-- Opening Marker --

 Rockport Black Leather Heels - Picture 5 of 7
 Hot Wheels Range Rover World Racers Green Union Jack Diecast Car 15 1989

-- Closing Marker --
-- Opening Marker --

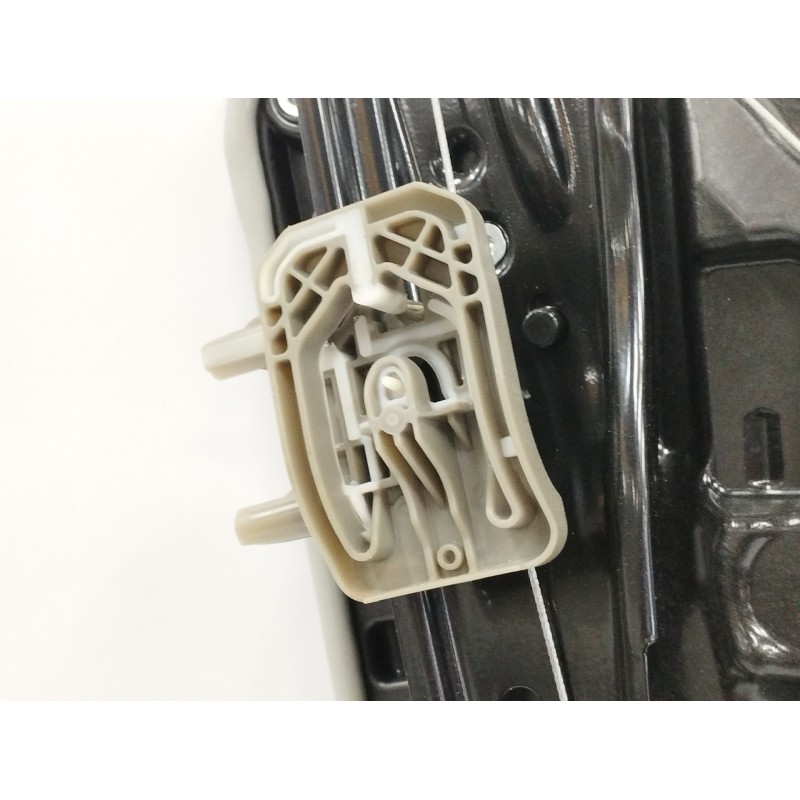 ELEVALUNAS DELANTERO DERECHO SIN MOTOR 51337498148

-- Closing Marker --
-- Opening Marker --

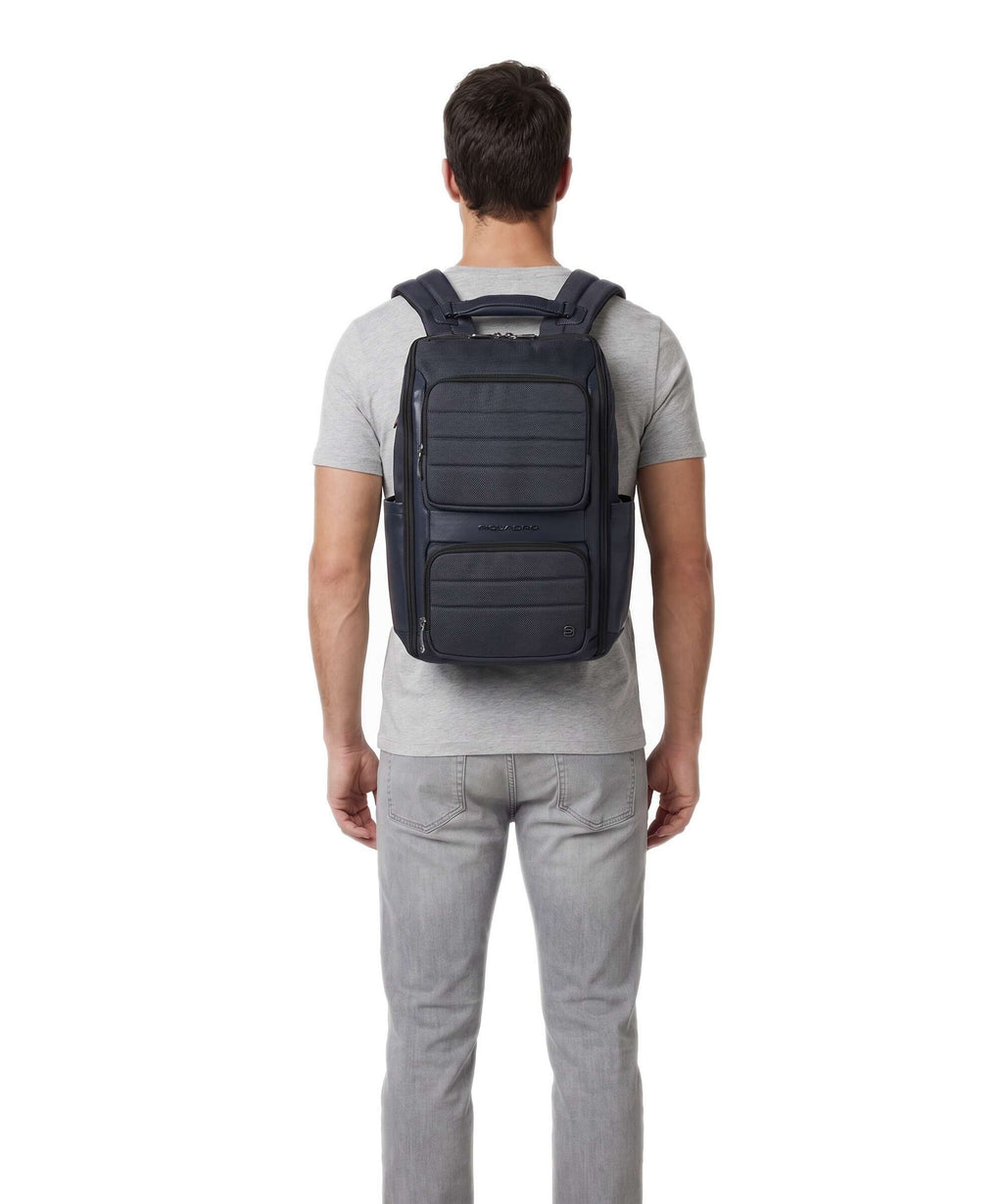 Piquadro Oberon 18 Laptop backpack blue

-- Closing Marker --

## TASK ITEM
Copy out the lines above exactly, beginning at the one that contains "Rockport Black Leather" and ending at the one that contains "Hot Wheels Range".

## TASK OUTPUT
 Rockport Black Leather Heels - Picture 5 of 7
 Hot Wheels Range Rover World Racers Green Union Jack Diecast Car 15 1989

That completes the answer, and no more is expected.